In this ground-breaking study Francesca Saggini explores the relationship between the late eighteenth-century novel and the theatre, arguing that the implicit theatricality of the Gothic novel made it an obvious source from which dramatists could take ideas. Similarly, elements of the theatre provided inspiration to novelists.

Saggini opens her study with a very useful and persuasive overview of the themes and forms of Gothic drama. In her view, stage appropriation is the textual threshold in which novelistic and dramatic/ performative texts overlap on and disseminate through each other. She examines in details the use of three specific aspects of Gothic dramatic language as recorded by both novel and drama: music, lighting, and scene design. The following chapters, informed by semiotic and narrative theory, closely examine the stage appropriations respectively in and of the Gothic novel, particularly, though not exclusively, the representation of the supernatural in Ann Radcliffe and Matthew G. Lewis. Boaden’s successful Gothic drama Fontainville Forest challenges a central aspect of Radcliffe’s poetics: her reliance on the so-called explained supernatural and puts it context by looking at contemporary stage presentations of the supernatural as offered for instance in Hamlet. The final part of the study frames Lewis’s representation of the supernatural in The Monk within the contemporary mechanics of staging and discusses the novel in relation to contemporary stage presentation and in the context of Romantic harlequinades and spectacular visual exhibits.

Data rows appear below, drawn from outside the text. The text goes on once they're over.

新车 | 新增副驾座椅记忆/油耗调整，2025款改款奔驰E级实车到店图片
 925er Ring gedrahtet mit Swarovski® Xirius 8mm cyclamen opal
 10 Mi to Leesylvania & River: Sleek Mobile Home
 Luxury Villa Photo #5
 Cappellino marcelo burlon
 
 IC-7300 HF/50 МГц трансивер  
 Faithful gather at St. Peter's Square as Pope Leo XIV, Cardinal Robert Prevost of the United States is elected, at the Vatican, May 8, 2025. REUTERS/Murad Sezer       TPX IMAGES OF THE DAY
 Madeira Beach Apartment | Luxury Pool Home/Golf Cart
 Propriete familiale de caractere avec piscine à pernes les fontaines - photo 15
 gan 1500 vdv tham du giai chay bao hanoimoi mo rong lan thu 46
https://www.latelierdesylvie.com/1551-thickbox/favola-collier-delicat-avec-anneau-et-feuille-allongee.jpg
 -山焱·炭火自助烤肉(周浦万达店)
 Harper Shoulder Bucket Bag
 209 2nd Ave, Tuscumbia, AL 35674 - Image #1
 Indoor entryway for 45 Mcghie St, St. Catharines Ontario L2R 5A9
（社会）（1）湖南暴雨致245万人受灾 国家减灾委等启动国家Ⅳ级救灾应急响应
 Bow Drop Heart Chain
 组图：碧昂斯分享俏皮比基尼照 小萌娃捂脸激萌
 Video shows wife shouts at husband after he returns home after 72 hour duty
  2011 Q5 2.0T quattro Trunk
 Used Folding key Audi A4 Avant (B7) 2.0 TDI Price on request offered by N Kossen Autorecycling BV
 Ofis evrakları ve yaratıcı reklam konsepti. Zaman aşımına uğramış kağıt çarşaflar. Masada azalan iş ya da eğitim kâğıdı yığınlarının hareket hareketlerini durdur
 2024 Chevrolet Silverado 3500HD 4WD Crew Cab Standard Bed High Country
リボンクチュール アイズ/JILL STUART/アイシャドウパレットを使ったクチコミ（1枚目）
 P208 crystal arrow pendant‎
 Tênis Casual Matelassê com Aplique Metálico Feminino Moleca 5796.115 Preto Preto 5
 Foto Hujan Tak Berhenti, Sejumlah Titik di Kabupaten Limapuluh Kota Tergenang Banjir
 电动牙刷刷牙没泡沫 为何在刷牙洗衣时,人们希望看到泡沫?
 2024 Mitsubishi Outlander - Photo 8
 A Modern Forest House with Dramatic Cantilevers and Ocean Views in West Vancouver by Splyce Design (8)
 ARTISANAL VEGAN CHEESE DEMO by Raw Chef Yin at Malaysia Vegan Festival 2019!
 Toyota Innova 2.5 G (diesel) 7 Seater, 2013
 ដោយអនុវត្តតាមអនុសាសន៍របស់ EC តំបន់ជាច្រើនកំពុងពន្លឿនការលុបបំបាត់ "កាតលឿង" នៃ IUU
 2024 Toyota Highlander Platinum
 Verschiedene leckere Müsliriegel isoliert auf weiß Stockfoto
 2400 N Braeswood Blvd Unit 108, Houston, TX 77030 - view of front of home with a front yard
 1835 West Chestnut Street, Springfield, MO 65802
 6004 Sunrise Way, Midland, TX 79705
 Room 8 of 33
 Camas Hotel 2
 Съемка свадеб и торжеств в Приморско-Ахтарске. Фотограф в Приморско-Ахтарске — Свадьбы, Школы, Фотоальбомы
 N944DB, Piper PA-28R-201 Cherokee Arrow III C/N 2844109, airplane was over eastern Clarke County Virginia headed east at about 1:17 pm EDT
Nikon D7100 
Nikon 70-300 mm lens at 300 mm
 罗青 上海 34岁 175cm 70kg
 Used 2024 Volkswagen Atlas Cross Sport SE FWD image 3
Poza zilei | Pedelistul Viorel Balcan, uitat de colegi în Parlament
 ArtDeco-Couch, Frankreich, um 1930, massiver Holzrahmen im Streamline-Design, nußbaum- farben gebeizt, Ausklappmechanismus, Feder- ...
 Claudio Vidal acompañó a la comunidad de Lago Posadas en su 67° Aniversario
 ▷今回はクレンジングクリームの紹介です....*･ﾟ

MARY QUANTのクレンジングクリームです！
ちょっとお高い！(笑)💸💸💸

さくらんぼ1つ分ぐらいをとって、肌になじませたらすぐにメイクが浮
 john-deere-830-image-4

Saggini makes a convincing argument for a transmedial and highly cooperative reading of Gothic texts and spectacles. Her approach does not seek to displace the novel or ‘the text’ from modern perceptions of the Gothic, but wants to open the genre to plural and anti-hierarchical forms of reading and to recognise its resourcefulness in appropriating theatrical techniques. The concept of ‘stage appropriation’ gives equal epistemological status to both verbal and non-verbal sign system, and this strategy allows for a holistic approach to the Gothic and an analysis of several literary-cultural formations as correlated, rather than discrete.